See attached PDF file

Comments for author File: Comments.pdf

Author Response

Dear reviewer,

thank you very much for providing us a detailed review report, which helped us to improve the quality of our manuscript.

Here's the list of the changes made throughout the text:

Lines 11, 14-15, 55: the incorrect information was removed and the bibliographic research was improved.

Line 34 (now 42): the period was added.

Figure 1: unfortunately, this is the resolution of the original paper from which the figure was taken. The legend for the white circle was added.

Line 45 (now 50): the reported references were accurately reported in the introduction and discussed in the discussion section.

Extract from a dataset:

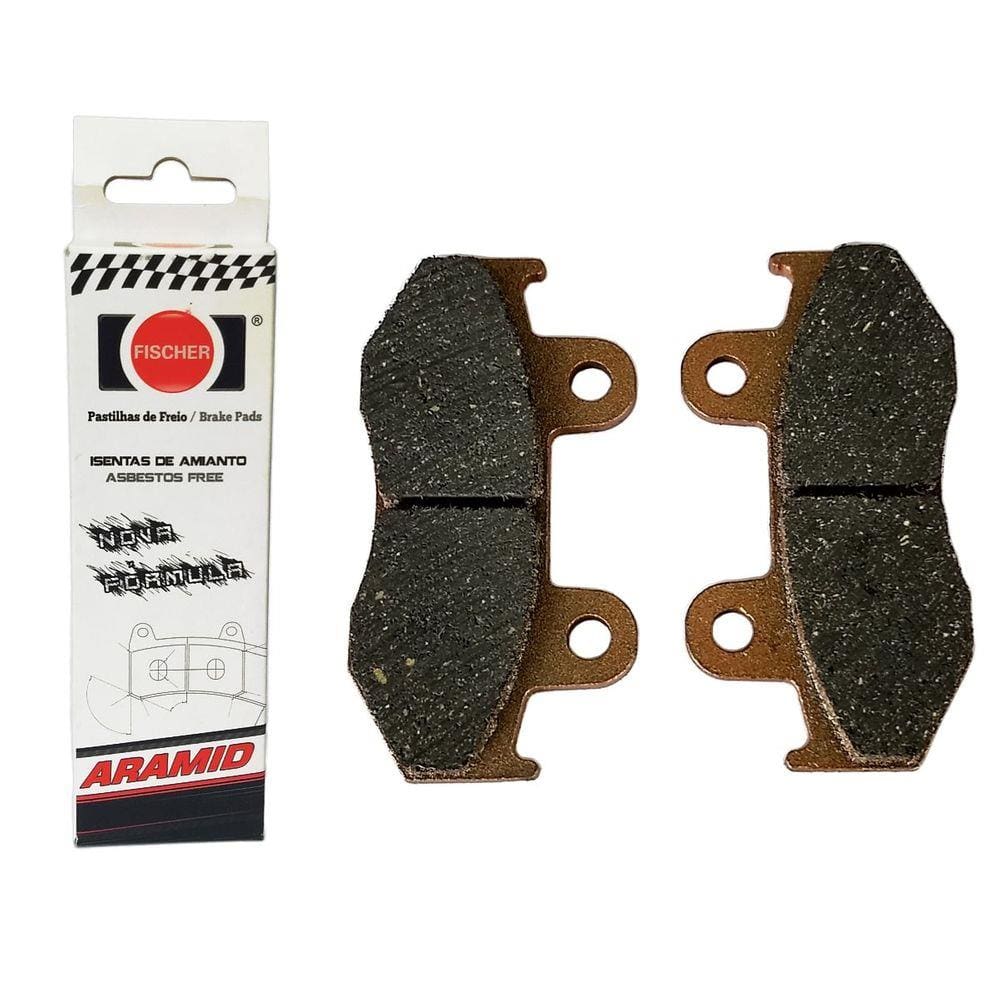 Pastilha Freio TRAS Burgman 400 ATE 06 / Lead 110 Diant / XLX 350 Diant (fischer FJ0840K)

Line 47-49 (now 99-107): the influence of urbanization and vegetation was clarified. Some examples on the role of “disturbance elements” on other remote sensing techniques (Terrestrial Laser Scanning and photogrammetry) for the geostructural characterization in the same study site can be retrieved from the article published by the same authors, to which reference is made.

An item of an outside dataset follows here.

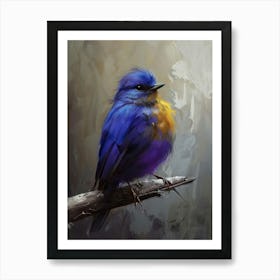 Blue Bird 11 Art Print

Figure 2: the figure was improved by adding the field of view and location of the IRT sensor.

Line 84-103 (now 161-181): the description of the rock materials was reduced to the information necessary to understand the aims and scope of this research.

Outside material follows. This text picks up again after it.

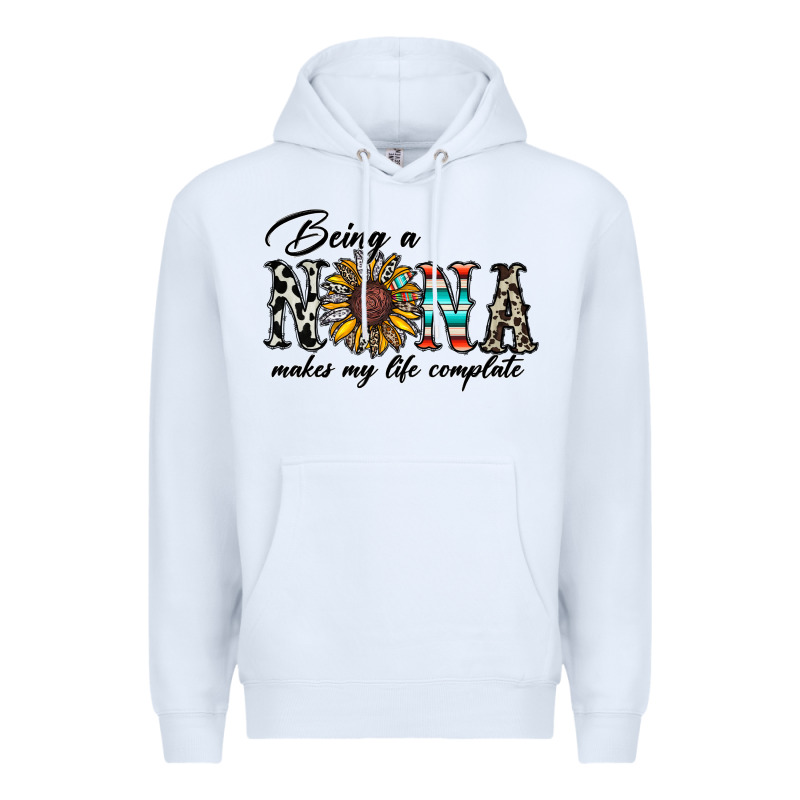 Being Nana Makes My Life Complate Premium Hoodie by CowhideDigitalArt | Teevron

Line 109-119 (now 187-198): the table resuming the geotechnical parameters was added below the text.

Line 120-125 (now 201-223): the stereoplots were added.

Figure 4: the graphical scale was improved.

Line 192-194 (now 305-310): the position of the thermocouples was clarified.

Line 216 (now 334): the word “software” was replaced by “algorithm”.

Lines 223 and 247 (now 343): the definition of “fracture frequency” was added.

Figure 5: Due to logistical constraints, it was not possible to take a photo of the field of view of the camera (it was placed at the edge of a balcony). We did our best to make the figure clearer.

Line 247 (now 369): probably, the thermal delay is due to the fact that the thermocouples were placed in small voids of the rock, to avoid direct insulation on the sensors.

Line 275 (now 417) and Figure 7: we proceeded to clarify in the text that the correlations are referred to the reference profile. We did some tests to add the aspect along the vertical in Figure 7, but it is not feasible. Indeed, since the point cloud (used to support the correlations) has very few points along a linear profile, the presence of wrong normals leads to a bad calculation of the aspect. In addition, the aspect is rather constant along the reference line and, in general, along the surveyed rock wall. We discussed the effects of the aspect in section 3.3 (2-D thermal images, where some variations of the aspect were observed), lines 473-478 and 498-503.

Figure 8: we added the color scale, thanks for noticing that!

Section 3.3.2: we do not have information on the thermal conductivity of rocks, but this could be an interesting research topic for future studies.

Figure 9: the position of the reference profile was added.

Line 365-368 (now 545-550): in this case, it was not possible to obtain stereoplots from the thermal images. We could not measure the strike of the traces due to the perspective of the thermograms with respect to the sub-vertical rock wall.

Line 369-371 (now 550-554): we specified that the vegetation does not disturb the interpretation of the thermograms acquired during the night aimed at detecting the discontinuities. As a matter of fact, during the night, the discontinuities are detected in the form of warm thermal anomalies, whilst the vegetation gets colder.

General remarks:

• we did not consider the marine spray as disturbance element, but it would be interesting to further investigate its role in IRT acquisitions. This would be a nice research topic for future studies, but probably the surveys should be carried out in a more homogeneous zone (same lithology, no vegetation or urbanization) to monitor only the effects of marine spray and interpret the results.
• We added the reference to the article published in Remote Sensing.

Best regards,

the authors

Reviewer 2 Report

The manuscript entitled “Applicability of InfraRed Thermography for Rock Mass Characterization in Carbonate Environments” deals with the survey of a carbonate rock mass by UAV and IRT surveys to shed light on the type of information that can be achieved and on the limitation of IRT applied to rock masses.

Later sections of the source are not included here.